Before Alaska can permanently take a child from a parent, it has to be able to talk to that parent — in a language they understand.

The Alaska Supreme Court ruled Friday that the Office of Children's Services must make real accommodations to communicate with parents whose first language isn't English, not only in court but in its everyday casework, or it can't claim it made the "reasonable efforts" the law requires before terminating parental rights.

The court grounded the rule in Alaska's linguistic reality: about 15 percent of Alaskans speak a language other than English at home, and the state is home to at least 20 Native languages. It also built in a protection that speaks directly to Native communities — a parent doesn't give up a language-barrier claim just by testifying in English or failing to ask for an interpreter, the court said, recognizing that cultural dynamics can make some parents reluctant to ask authority figures for help.

Yet the ruling that set that standard also went against the parent who raised it. The case, Hamza B. v.
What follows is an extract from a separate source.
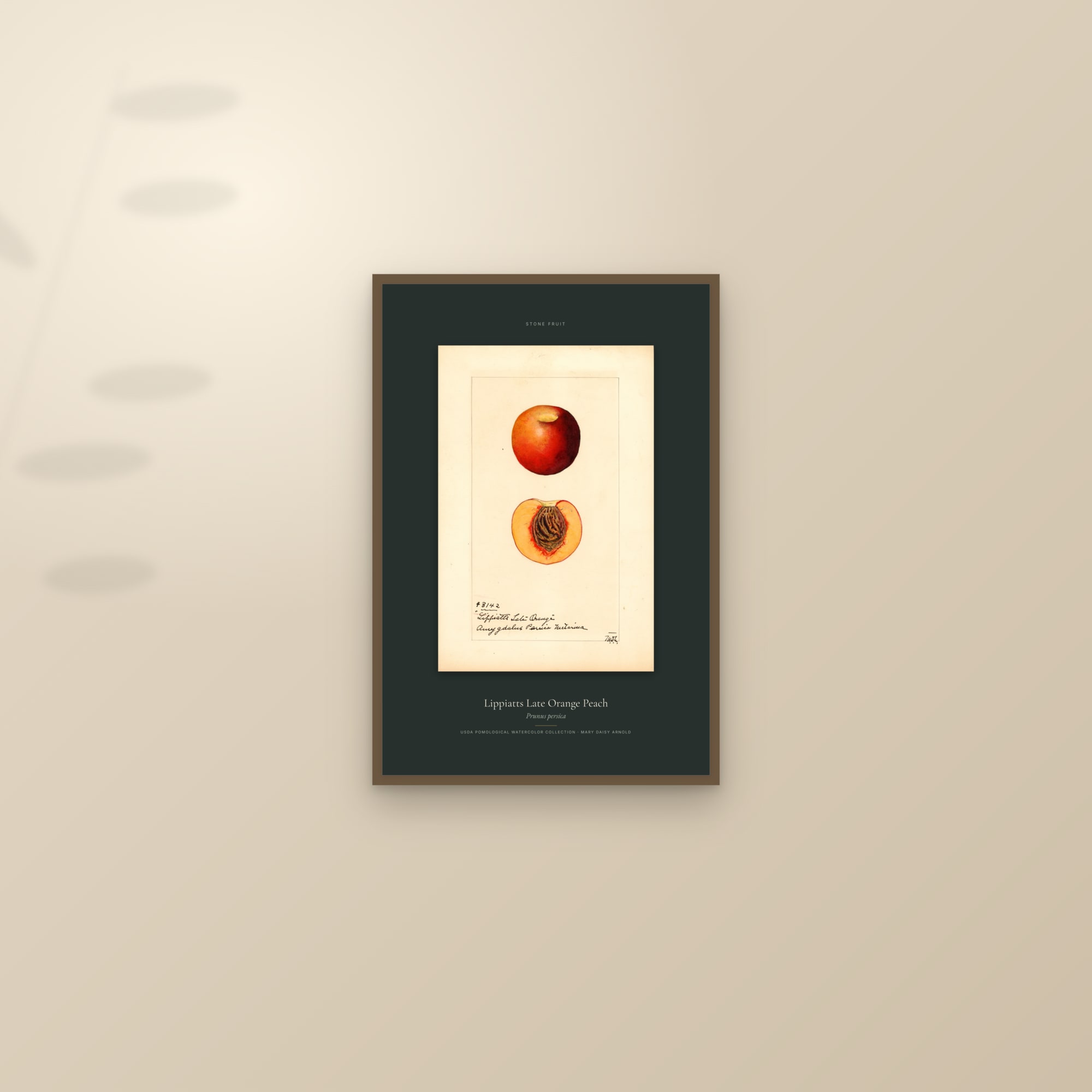 Lippiatts Late Orange Peach — Specimen — framed and styled on a sunlit wall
State, arose after OCS took custody of his 13-year-old son in 2022 amid findings of serious physical abuse. Hamza B. argued the agency should have provided an Arabic interpreter, but the court found he had communicated "just fine in English," testified largely in English by choice, and had been accommodated when he asked — OCS switched to reaching him mostly by text. His termination was upheld.

The broader effect lands beyond his case. Courtrooms already must provide interpreters; Friday's decision pushes that obligation upstream, into the casework where child-welfare cases are actually built — and makes clear that skipping it can sink the state's case for taking a child.